Ainda de acordo com o citado historiador:
As percepções do social não são de forma alguma discursos neutros: produzem estratégias e práticas (sociais, escolares, políticas) que tendem a impor uma autoridade à custa de outros, por elas menosprezados, a legitimar um projeto de reformador ou a justificar, para os próprios indivíduos, as suas escolhas e condutas. (...) As lutas de representações têm tanta importância como as lutas econômicas, para compreender os mecanismos pelos quais um grupo impõe, ou tenta impor, a sua concepção do mundo social, os valores que são os seus, e o seu domínio (CHARTIER, 1988, p. 17).
Levando em conta essas formulações, nesse contexto de modernização urbana, uma perspectiva histórica era elaborada e mobilizada no jornal Vanguarda, constituindo enquanto uma representação do e para grupo do prefeito. Em diversos textos fazia-se elogios ao alcaide, designando-o como um sujeito “dinâmico”, em outro como “operoso prefeito municipal”.4 No artigo citado acima, essa imagem do gestor encontra-se cristalizada, situando-o como sujeito responsável por transformar antigas formas urbanas, tirando a cidade de um passado de “decadência” e “estagnação” e erguendo Jacobina ao “progresso”.
Desse modo, ao mesmo tempo em que o jornal descrevia as transformações urbanas, construía uma leitura da história da cidade, afirmando o grupo agente desse processo. Como era o único jornal em circulação na cidade naqueles anos, o Vanguarda desempenhou importante papel na representação do prefeito como redentor da cidade. Todavia, essa postura de alinhamento com ações do prefeito perdurou até certo momento. Em 1957, o periódico passou a ter como socio-proprietário o político local Edvaldo Valois Coutinho5, principal opositor do chefe político do grupo do prefeito Orlando Oliveira Pires, o deputado Francisco Rocha Pires.
Retomando o artigo supracitado, observa-se que, ao inventariar as transformações urbanas, os redatores relacionavam as conquistas materiais que a cidade recebeu e estava na expectativa de receber. Entre os elementos que projetavam a urbe no “caminho do progresso”, destacavam-se a instalação do ginásio local, do próprio jornal, o calçamento de ruas, a abertura de uma avenida, a edificação de novos prédios, a estruturação de um cais à margem do rio, o estádio e o mercado municipal.
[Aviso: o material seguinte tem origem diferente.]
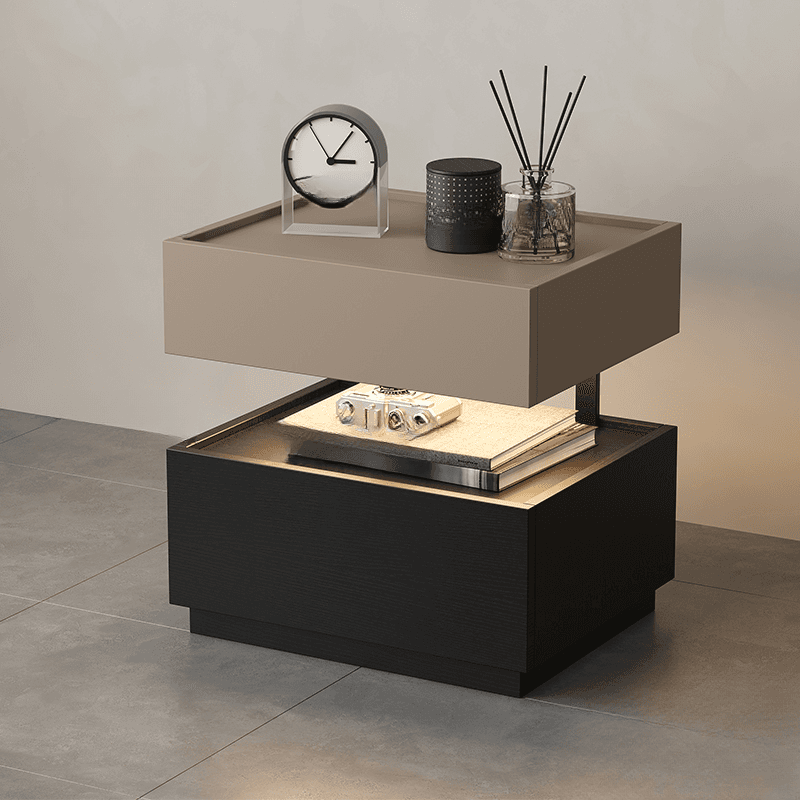 Organic Modern Nightstand With Drawer Organization with Particle Board Wood Countertop and Illuminating Lighting thumbnail 2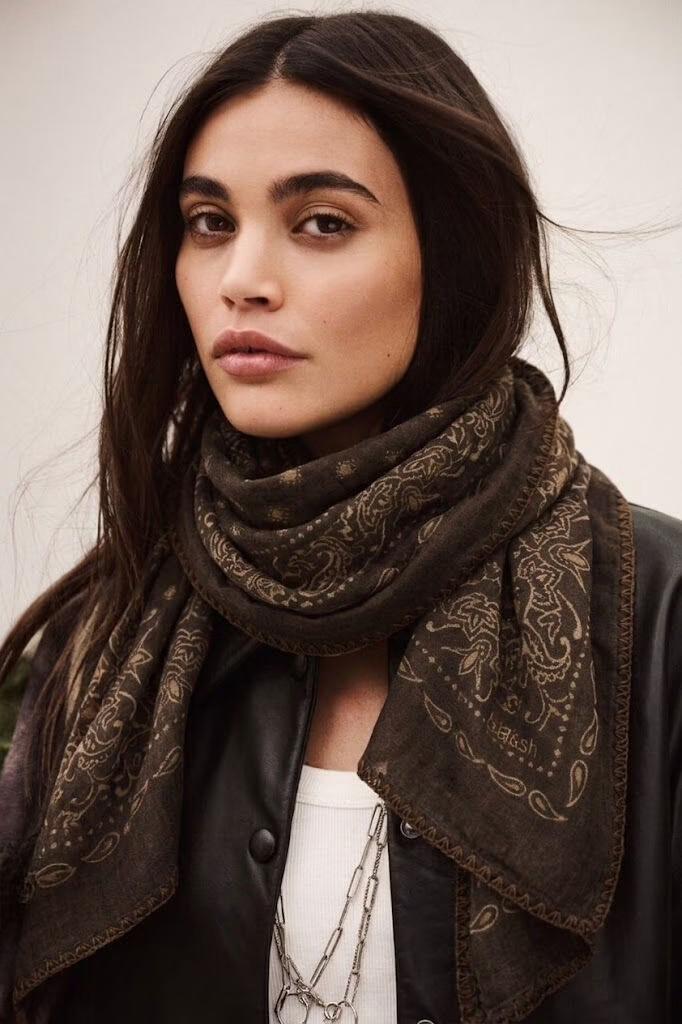 ba&sh Patterned Bandana Scarf Fary Brown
Além da modernização dos transportes, com a construção do aeroporto e da rodovia, interligando o município a outros estados, encurtando as distâncias e transformando a noção de tempo e espaço. E ainda, o lazer e a tecnologia, representada numa nova sala de cinema que seria inaugurada em breve na cidade. Entre os aspectos relacionados, sobressaiam-se os que apontavam para os melhoramentos urbanísticos, executados pela gestão municipal em parceria com órgãos federais.
Para os editores do jornal Vanguarda, depois de anos em “marasmo”, “decadência”, “estagnação” e “inércia”, finalmente o “desenvolvimento” e o “progresso” chegavam à Jacobina. Essa percepção elaborada pelo periódico era atribuída às transformações mencionadas acima quanto a dois aspectos. Primeiro, a instalação na cidade do Ginásio Estadual; segundo, o designado “dinamismo administrativo do jovem prefeito, Dr. Orlando Pires” (VANGUARDA, 1956, p. 1). Esses dois fatores elencados pelo jornal apontavam para o seguinte movimento.
A eleição da instituição escolar, como símbolo do “progresso” que a cidade estava vivenciando, aponta que a educação era vista como um dos fatores que elevava a cidade ao sonhado “progresso”. No caso, um ginásio funcionando a partir do ideal patriótico de educar para formar cidadãos, difundindo preceitos morais e de higiene e produzindo corpos educados, sujeitos dóceis, obedientes e disciplinados (FOUCAULT, 2009). Por outro lado, sobressai o investimento discursivo dos editores na figura do novo prefeito, na promoção e legitimação política das suas ações.
Desse modo, sugeria no artigo que, contra o passado de “marasmo” e “inércia” que teria vivido a cidade, emergia o “dinâmico e jovem prefeito”. A ideia de dinamismo e a juventude do gestor municipal passavam a ser invocadas como atributos capazes de imprimir um novo ritmo e organização nos quadros da administração municipal e na remodelação da urbe. Nessa estratégia narrativa, associava a pessoa do alcaide à imagem da cidade no caminho do “progresso”. Os editores recorriam ao argumento da confiança no progresso, que reverberava no imaginário social, orientando valores e condutas, desejos e sonhos.
A ideologia do progresso assumiu no ocidente moderno o caráter quase de uma crença religiosa. A apoteose do culto ao progresso se deu no século XIX e início do século XX. Expressava a confiança da burguesia no desenvolvimento da economia, da ciência e da técnica. De acordo com Sandra Jatahy Pesavento:
O progresso constituiu-se assim no grande mito e na maior crença do século XIX, embalado pelos princípios filosóficos da evolução, pelo cientificismo, pela tecnologia, pelo esplendor da transformação burguesa das cidades. Expressou-se por ritos e discursos específicos, passando pelas obras de Jules Verne, para chegar às remodelações urbanas de um Haussmann, na Europa, ou de um Pereira Passos, no Rio de Janeiro (PESAVENTO, 1995, p. 24).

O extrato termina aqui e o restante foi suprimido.